The Attempt at a Solution

I attempted to solve the inequality portion by considering the slopes of the sides of the triangle (using components), where

[(x2-x1)/(y2-y1)]^2 + [(x2-x1)/(y2-y1)]^2 + [(x2-x1)/(y2-y1)]^2 > 0
I expanded everything but that got really messy. We haven't learned to really prove anything so far (but the textbook only mentions the distance formula), so I don't really know where to start with the problem. Our professor showed us a method that involved squaring differences of numbers in order to prove something (and taking the discriminant), but it doesn't seem to be viable here.

 

[slider142]

The slopes have very little to do with the triangle inequality, which is a fundamental in how mathematicians generalize the property of measuring "length", using the assumption that "length" is always positive.
Use the distance formula on the components. Without loss of generality, you can place one vertex of the triangle at the origin. Then draw a line to the arbitrary point (x0, y0). Another arbitrary point (x1, y1) is needed, but the completing line segment is now fully defined. Noting that the distance formula is always positive and therefore the sum of distances is positive as well, see if this gives you the inequality you seek. Afterwards, note that the placement of the origin is arbitrary and add the (x3, y3) point back into the formula. This is done to save the forests.

 

[SpringPhysics]

Even so, the three points may be collinear (therefore the slopes of the segments are the same) and the sum of the two smaller segments would equal the third segment. That's why I thought that finding slopes (and suggesting that the slopes are different) would be the method for proving the inequality portion of the inequality (sorry if it sounded like I didn't know the equality, which I do).

 

[slider142]

Even so, the three points may be collinear (therefore the slopes of the segments are the same) and the sum of the two smaller segments would equal the third segment. That's why I thought that finding slopes (and suggesting that the slopes are different) would be the method for proving the inequality portion of the inequality (sorry if it sounded like I didn't know the equality, which I do).
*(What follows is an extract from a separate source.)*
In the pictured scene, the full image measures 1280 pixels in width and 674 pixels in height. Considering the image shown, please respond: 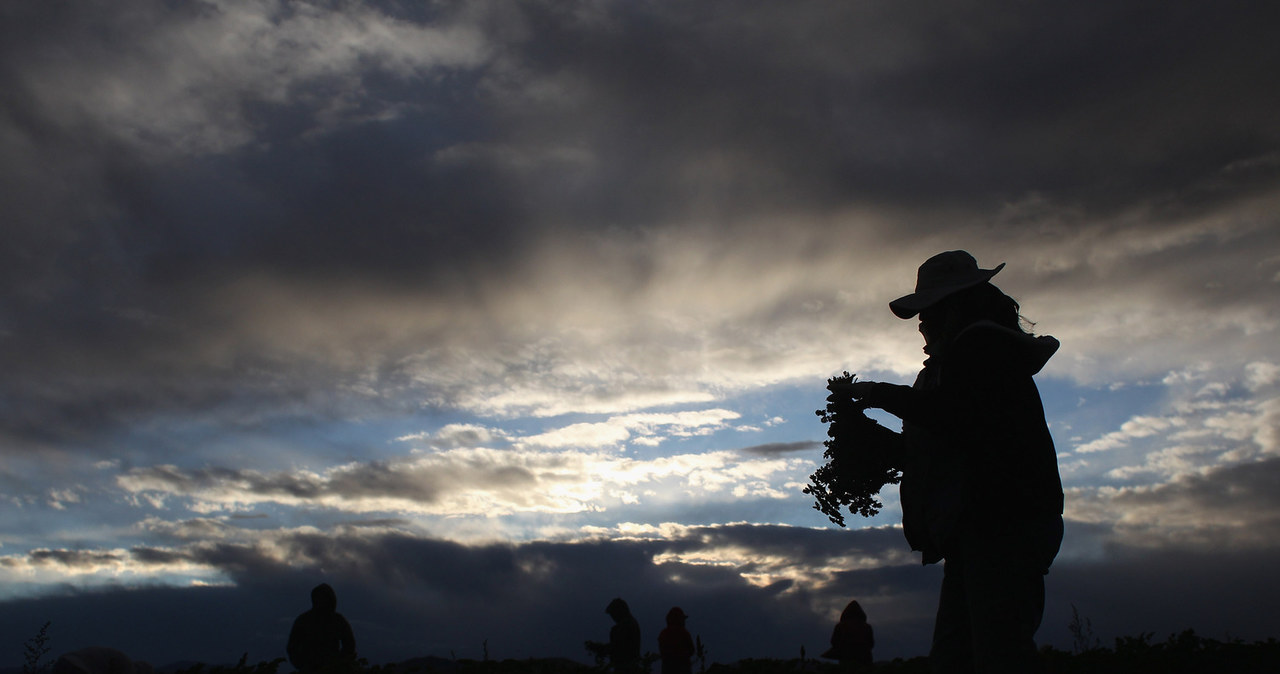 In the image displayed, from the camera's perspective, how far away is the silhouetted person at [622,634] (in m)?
12.0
that's why there is an = sign in the inequality as well. ;) Did you solve this one yet?

 

[SpringPhysics]

I solved the equality but not the "<" part of it. I would think we would have to compare slopes in order to prove it because otherwise all three points could lie on the same line.

 

[slider142]

I solved the equality but not the "<" part of it. I would think we would have to compare slopes in order to prove it because otherwise all three points could lie on the same line.

Again, the slopes have very little to do with the inequality. The inequality comes right from writing the sum of the three lengths of the legs of a triangle and then noting that this sum is greater than or equal to 0. Basic inequality algebra then gives you the triangle inequality. The only ingredient is the distance formula.

 

[SpringPhysics]

Isn't that a little simple for a proof though?

(Thanks for putting up with all of this.)

 

[slider142]

Isn't that a little simple for a proof though?

(Thanks for putting up with all of this.)

I'm not sure what you mean. Simple proofs are to be encouraged; they show how fundamental a concept is.

 

[SpringPhysics]

It's just that the solution seems to be rephrasing the question. And when you bring a term over from the sum, wouldn't that term be negative? Would you then say that negative distance is invalid and so QED?

 

[slider142]

It's just that the solution seems to be rephrasing the question. And when you bring a term over from the sum, wouldn't that term be negative? Would you then say that negative distance is invalid and so QED?

No, you then square both sides. It's not *that* simple. :D

 

[SpringPhysics]

I thought about that too. Okay then, thanks for your help!